TASK OBJECTIVE: Your reply must contain the full listing below, reproduced exactly, but no pictures.
─── EXERCISE DATA
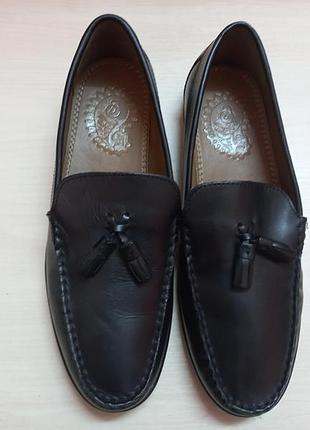 Туфли-лоферы весна-лето кожа муж 42-43р.clarks индии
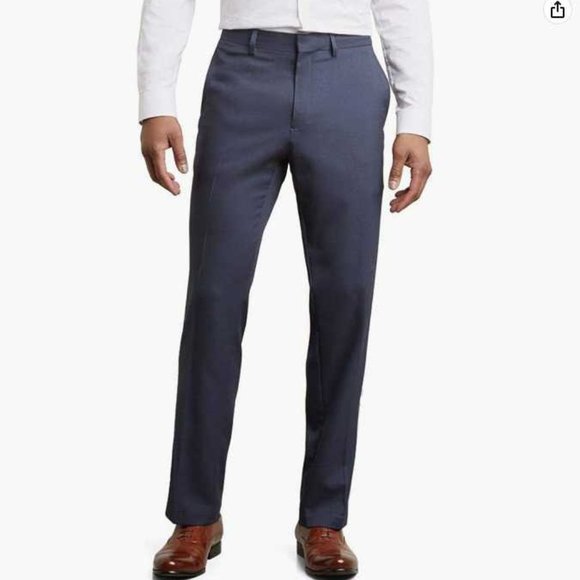 Men's 34x34 Kenneth Cole Reaction stretch modern fit flat front dress pant navy - Picture 1 of 13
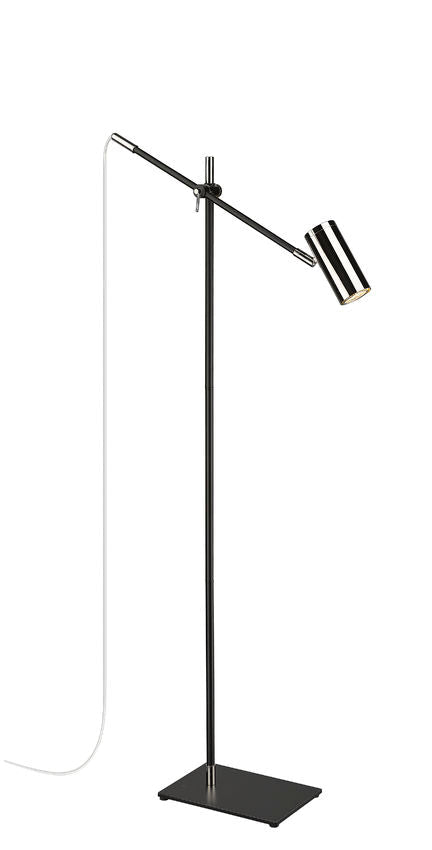 Z-Lite Calumet 49" Matte Black and Polished Nickel Aluminum Floor Lamp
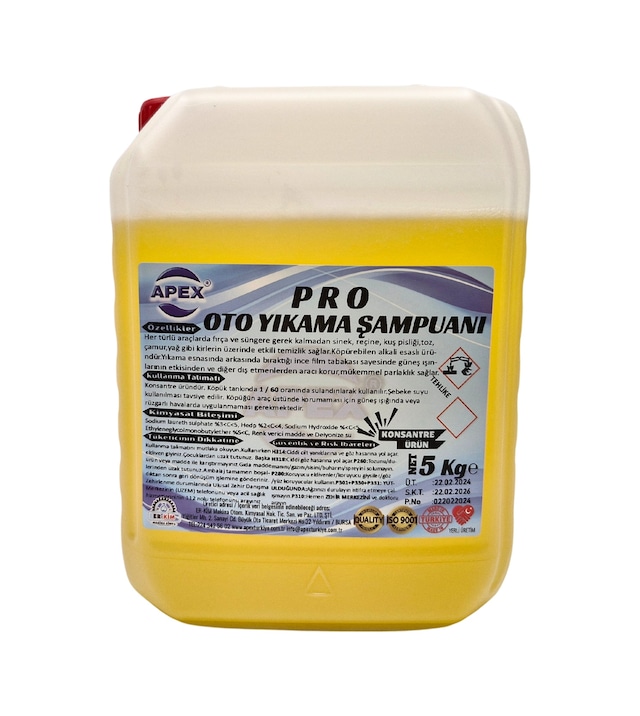 Araç Köpük Şampuanı 5 Kg, Oto Yıkama Şampuanı ,1/60 Konsantre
──────
THE ANSWER:
 Туфли-лоферы весна-лето кожа муж 42-43р.clarks индии
 Men's 34x34 Kenneth Cole Reaction stretch modern fit flat front dress pant navy - Picture 1 of 13
 Z-Lite Calumet 49" Matte Black and Polished Nickel Aluminum Floor Lamp
 Araç Köpük Şampuanı 5 Kg, Oto Yıkama Şampuanı ,1/60 Konsantre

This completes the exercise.